---------- Given data
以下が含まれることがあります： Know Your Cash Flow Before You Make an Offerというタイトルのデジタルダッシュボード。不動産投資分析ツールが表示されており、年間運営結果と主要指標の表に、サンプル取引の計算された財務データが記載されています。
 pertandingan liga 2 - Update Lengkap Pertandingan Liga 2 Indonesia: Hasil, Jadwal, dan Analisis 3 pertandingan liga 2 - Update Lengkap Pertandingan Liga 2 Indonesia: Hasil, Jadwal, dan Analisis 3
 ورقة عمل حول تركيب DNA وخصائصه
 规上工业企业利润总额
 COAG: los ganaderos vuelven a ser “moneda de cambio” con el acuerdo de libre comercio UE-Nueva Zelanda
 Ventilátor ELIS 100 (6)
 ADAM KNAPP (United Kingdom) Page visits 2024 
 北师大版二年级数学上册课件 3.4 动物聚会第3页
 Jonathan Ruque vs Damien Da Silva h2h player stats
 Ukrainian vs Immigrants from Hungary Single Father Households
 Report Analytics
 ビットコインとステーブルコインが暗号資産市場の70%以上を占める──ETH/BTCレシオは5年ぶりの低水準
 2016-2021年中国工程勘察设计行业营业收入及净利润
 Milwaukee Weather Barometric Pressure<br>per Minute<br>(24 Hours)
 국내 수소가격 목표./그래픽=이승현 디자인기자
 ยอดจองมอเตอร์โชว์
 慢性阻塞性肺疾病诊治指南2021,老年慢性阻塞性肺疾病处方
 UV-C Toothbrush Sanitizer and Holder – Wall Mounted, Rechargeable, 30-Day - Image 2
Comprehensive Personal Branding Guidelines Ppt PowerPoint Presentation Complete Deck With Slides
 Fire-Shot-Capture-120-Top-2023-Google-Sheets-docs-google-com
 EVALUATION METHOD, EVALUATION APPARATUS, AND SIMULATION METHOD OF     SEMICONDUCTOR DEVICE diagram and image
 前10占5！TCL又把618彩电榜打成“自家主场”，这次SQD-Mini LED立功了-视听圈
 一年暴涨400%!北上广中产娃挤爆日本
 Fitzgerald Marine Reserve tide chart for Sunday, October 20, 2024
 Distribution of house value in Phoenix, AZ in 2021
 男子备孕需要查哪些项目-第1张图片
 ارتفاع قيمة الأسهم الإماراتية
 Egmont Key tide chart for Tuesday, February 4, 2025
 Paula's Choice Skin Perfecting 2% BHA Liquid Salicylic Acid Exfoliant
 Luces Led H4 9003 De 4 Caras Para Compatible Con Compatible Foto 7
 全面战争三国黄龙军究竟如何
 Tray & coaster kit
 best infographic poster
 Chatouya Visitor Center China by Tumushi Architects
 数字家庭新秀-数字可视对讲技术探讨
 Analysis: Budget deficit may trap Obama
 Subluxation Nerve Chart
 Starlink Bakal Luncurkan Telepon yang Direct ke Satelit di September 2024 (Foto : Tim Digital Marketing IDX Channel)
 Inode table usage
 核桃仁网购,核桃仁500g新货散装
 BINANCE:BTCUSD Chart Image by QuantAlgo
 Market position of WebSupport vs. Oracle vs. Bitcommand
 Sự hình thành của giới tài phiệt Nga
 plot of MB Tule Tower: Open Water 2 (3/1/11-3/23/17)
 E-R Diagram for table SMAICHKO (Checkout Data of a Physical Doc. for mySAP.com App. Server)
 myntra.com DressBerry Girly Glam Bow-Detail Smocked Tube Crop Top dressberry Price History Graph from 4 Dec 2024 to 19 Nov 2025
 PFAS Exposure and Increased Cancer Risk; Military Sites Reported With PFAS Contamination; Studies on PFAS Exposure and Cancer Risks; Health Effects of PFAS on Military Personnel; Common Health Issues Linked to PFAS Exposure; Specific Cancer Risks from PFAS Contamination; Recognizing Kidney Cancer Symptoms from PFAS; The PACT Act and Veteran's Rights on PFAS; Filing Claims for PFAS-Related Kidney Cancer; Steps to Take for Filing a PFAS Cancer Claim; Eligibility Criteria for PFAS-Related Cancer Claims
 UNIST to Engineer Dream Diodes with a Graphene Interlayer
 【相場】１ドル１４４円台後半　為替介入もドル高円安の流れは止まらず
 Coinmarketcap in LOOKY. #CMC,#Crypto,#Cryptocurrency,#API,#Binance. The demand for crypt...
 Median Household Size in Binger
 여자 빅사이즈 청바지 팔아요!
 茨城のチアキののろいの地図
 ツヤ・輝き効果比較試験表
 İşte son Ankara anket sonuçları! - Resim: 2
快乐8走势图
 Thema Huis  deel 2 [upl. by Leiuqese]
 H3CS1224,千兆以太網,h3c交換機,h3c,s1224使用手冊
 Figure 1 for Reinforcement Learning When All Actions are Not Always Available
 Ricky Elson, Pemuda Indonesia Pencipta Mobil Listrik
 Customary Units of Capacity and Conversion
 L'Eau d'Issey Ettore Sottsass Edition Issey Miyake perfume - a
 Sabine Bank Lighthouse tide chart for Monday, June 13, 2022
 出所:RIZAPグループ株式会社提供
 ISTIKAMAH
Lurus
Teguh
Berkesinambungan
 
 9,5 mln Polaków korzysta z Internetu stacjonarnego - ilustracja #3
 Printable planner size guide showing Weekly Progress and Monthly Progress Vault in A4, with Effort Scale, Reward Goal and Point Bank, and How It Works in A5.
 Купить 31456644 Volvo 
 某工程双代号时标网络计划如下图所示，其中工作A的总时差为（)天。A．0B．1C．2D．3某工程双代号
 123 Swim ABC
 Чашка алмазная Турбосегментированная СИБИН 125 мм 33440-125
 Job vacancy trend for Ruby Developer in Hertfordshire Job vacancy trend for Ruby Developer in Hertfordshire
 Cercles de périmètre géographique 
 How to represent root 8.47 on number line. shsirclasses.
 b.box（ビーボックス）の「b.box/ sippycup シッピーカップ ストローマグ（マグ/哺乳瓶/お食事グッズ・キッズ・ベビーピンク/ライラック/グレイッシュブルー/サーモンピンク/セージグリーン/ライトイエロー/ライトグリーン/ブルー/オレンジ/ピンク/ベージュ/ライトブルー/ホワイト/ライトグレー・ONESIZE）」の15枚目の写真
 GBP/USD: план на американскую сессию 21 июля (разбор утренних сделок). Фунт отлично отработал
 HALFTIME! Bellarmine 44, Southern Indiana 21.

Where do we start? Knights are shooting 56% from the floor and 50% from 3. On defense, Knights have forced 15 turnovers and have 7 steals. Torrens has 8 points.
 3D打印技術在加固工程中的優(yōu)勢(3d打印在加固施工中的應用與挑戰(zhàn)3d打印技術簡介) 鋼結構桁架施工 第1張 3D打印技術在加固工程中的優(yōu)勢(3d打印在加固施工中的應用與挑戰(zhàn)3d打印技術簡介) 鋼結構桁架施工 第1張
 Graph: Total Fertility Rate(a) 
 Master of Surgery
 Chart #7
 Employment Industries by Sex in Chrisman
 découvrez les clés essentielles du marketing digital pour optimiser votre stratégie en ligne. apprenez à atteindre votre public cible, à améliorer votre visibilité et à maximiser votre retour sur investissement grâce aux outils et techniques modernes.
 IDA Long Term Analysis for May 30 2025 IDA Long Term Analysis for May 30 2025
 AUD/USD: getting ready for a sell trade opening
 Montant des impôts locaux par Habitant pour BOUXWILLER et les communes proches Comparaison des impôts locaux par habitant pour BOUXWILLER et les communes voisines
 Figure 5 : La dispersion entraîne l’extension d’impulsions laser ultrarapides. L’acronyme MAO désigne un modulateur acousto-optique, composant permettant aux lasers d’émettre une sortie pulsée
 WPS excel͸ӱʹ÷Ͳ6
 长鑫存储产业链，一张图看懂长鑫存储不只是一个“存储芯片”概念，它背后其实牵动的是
--------------------
- [How to complete this task]: Each entry above has to be transcribed exactly as it appears.

- [Solution to this exercise]:
以下が含まれることがあります： Know Your Cash Flow Before You Make an Offerというタイトルのデジタルダッシュボード。不動産投資分析ツールが表示されており、年間運営結果と主要指標の表に、サンプル取引の計算された財務データが記載されています。
 pertandingan liga 2 - Update Lengkap Pertandingan Liga 2 Indonesia: Hasil, Jadwal, dan Analisis 3 pertandingan liga 2 - Update Lengkap Pertandingan Liga 2 Indonesia: Hasil, Jadwal, dan Analisis 3
 ورقة عمل حول تركيب DNA وخصائصه
 规上工业企业利润总额
 COAG: los ganaderos vuelven a ser “moneda de cambio” con el acuerdo de libre comercio UE-Nueva Zelanda
 Ventilátor ELIS 100 (6)
 ADAM KNAPP (United Kingdom) Page visits 2024 
 北师大版二年级数学上册课件 3.4 动物聚会第3页
 Jonathan Ruque vs Damien Da Silva h2h player stats
 Ukrainian vs Immigrants from Hungary Single Father Households
 Report Analytics
 ビットコインとステーブルコインが暗号資産市場の70%以上を占める──ETH/BTCレシオは5年ぶりの低水準
 2016-2021年中国工程勘察设计行业营业收入及净利润
 Milwaukee Weather Barometric Pressure<br>per Minute<br>(24 Hours)
 국내 수소가격 목표./그래픽=이승현 디자인기자
 ยอดจองมอเตอร์โชว์
 慢性阻塞性肺疾病诊治指南2021,老年慢性阻塞性肺疾病处方
 UV-C Toothbrush Sanitizer and Holder – Wall Mounted, Rechargeable, 30-Day - Image 2
Comprehensive Personal Branding Guidelines Ppt PowerPoint Presentation Complete Deck With Slides
 Fire-Shot-Capture-120-Top-2023-Google-Sheets-docs-google-com
 EVALUATION METHOD, EVALUATION APPARATUS, AND SIMULATION METHOD OF     SEMICONDUCTOR DEVICE diagram and image
 前10占5！TCL又把618彩电榜打成“自家主场”，这次SQD-Mini LED立功了-视听圈
 一年暴涨400%!北上广中产娃挤爆日本
 Fitzgerald Marine Reserve tide chart for Sunday, October 20, 2024
 Distribution of house value in Phoenix, AZ in 2021
 男子备孕需要查哪些项目-第1张图片
 ارتفاع قيمة الأسهم الإماراتية
 Egmont Key tide chart for Tuesday, February 4, 2025
 Paula's Choice Skin Perfecting 2% BHA Liquid Salicylic Acid Exfoliant
 Luces Led H4 9003 De 4 Caras Para Compatible Con Compatible Foto 7
 全面战争三国黄龙军究竟如何
 Tray & coaster kit
 best infographic poster
 Chatouya Visitor Center China by Tumushi Architects
 数字家庭新秀-数字可视对讲技术探讨
 Analysis: Budget deficit may trap Obama
 Subluxation Nerve Chart
 Starlink Bakal Luncurkan Telepon yang Direct ke Satelit di September 2024 (Foto : Tim Digital Marketing IDX Channel)
 Inode table usage
 核桃仁网购,核桃仁500g新货散装
 BINANCE:BTCUSD Chart Image by QuantAlgo
 Market position of WebSupport vs. Oracle vs. Bitcommand
 Sự hình thành của giới tài phiệt Nga
 plot of MB Tule Tower: Open Water 2 (3/1/11-3/23/17)
 E-R Diagram for table SMAICHKO (Checkout Data of a Physical Doc. for mySAP.com App. Server)
 myntra.com DressBerry Girly Glam Bow-Detail Smocked Tube Crop Top dressberry Price History Graph from 4 Dec 2024 to 19 Nov 2025
 PFAS Exposure and Increased Cancer Risk; Military Sites Reported With PFAS Contamination; Studies on PFAS Exposure and Cancer Risks; Health Effects of PFAS on Military Personnel; Common Health Issues Linked to PFAS Exposure; Specific Cancer Risks from PFAS Contamination; Recognizing Kidney Cancer Symptoms from PFAS; The PACT Act and Veteran's Rights on PFAS; Filing Claims for PFAS-Related Kidney Cancer; Steps to Take for Filing a PFAS Cancer Claim; Eligibility Criteria for PFAS-Related Cancer Claims
 UNIST to Engineer Dream Diodes with a Graphene Interlayer
 【相場】１ドル１４４円台後半　為替介入もドル高円安の流れは止まらず
 Coinmarketcap in LOOKY. #CMC,#Crypto,#Cryptocurrency,#API,#Binance. The demand for crypt...
 Median Household Size in Binger
 여자 빅사이즈 청바지 팔아요!
 茨城のチアキののろいの地図
 ツヤ・輝き効果比較試験表
 İşte son Ankara anket sonuçları! - Resim: 2
快乐8走势图
 Thema Huis  deel 2 [upl. by Leiuqese]
 H3CS1224,千兆以太網,h3c交換機,h3c,s1224使用手冊
 Figure 1 for Reinforcement Learning When All Actions are Not Always Available
 Ricky Elson, Pemuda Indonesia Pencipta Mobil Listrik
 Customary Units of Capacity and Conversion
 L'Eau d'Issey Ettore Sottsass Edition Issey Miyake perfume - a
 Sabine Bank Lighthouse tide chart for Monday, June 13, 2022
 出所:RIZAPグループ株式会社提供
 ISTIKAMAH
Lurus
Teguh
Berkesinambungan
 
 9,5 mln Polaków korzysta z Internetu stacjonarnego - ilustracja #3
 Printable planner size guide showing Weekly Progress and Monthly Progress Vault in A4, with Effort Scale, Reward Goal and Point Bank, and How It Works in A5.
 Купить 31456644 Volvo 
 某工程双代号时标网络计划如下图所示，其中工作A的总时差为（)天。A．0B．1C．2D．3某工程双代号
 123 Swim ABC
 Чашка алмазная Турбосегментированная СИБИН 125 мм 33440-125
 Job vacancy trend for Ruby Developer in Hertfordshire Job vacancy trend for Ruby Developer in Hertfordshire
 Cercles de périmètre géographique 
 How to represent root 8.47 on number line. shsirclasses.
 b.box（ビーボックス）の「b.box/ sippycup シッピーカップ ストローマグ（マグ/哺乳瓶/お食事グッズ・キッズ・ベビーピンク/ライラック/グレイッシュブルー/サーモンピンク/セージグリーン/ライトイエロー/ライトグリーン/ブルー/オレンジ/ピンク/ベージュ/ライトブルー/ホワイト/ライトグレー・ONESIZE）」の15枚目の写真
 GBP/USD: план на американскую сессию 21 июля (разбор утренних сделок). Фунт отлично отработал
 HALFTIME! Bellarmine 44, Southern Indiana 21.

Where do we start? Knights are shooting 56% from the floor and 50% from 3. On defense, Knights have forced 15 turnovers and have 7 steals. Torrens has 8 points.
 3D打印技術在加固工程中的優(yōu)勢(3d打印在加固施工中的應用與挑戰(zhàn)3d打印技術簡介) 鋼結構桁架施工 第1張 3D打印技術在加固工程中的優(yōu)勢(3d打印在加固施工中的應用與挑戰(zhàn)3d打印技術簡介) 鋼結構桁架施工 第1張
 Graph: Total Fertility Rate(a) 
 Master of Surgery
 Chart #7
 Employment Industries by Sex in Chrisman
 découvrez les clés essentielles du marketing digital pour optimiser votre stratégie en ligne. apprenez à atteindre votre public cible, à améliorer votre visibilité et à maximiser votre retour sur investissement grâce aux outils et techniques modernes.
 IDA Long Term Analysis for May 30 2025 IDA Long Term Analysis for May 30 2025
 AUD/USD: getting ready for a sell trade opening
 Montant des impôts locaux par Habitant pour BOUXWILLER et les communes proches Comparaison des impôts locaux par habitant pour BOUXWILLER et les communes voisines
 Figure 5 : La dispersion entraîne l’extension d’impulsions laser ultrarapides. L’acronyme MAO désigne un modulateur acousto-optique, composant permettant aux lasers d’émettre une sortie pulsée
 WPS excel͸ӱʹ÷Ͳ6
 长鑫存储产业链，一张图看懂长鑫存储不只是一个“存储芯片”概念，它背后其实牵动的是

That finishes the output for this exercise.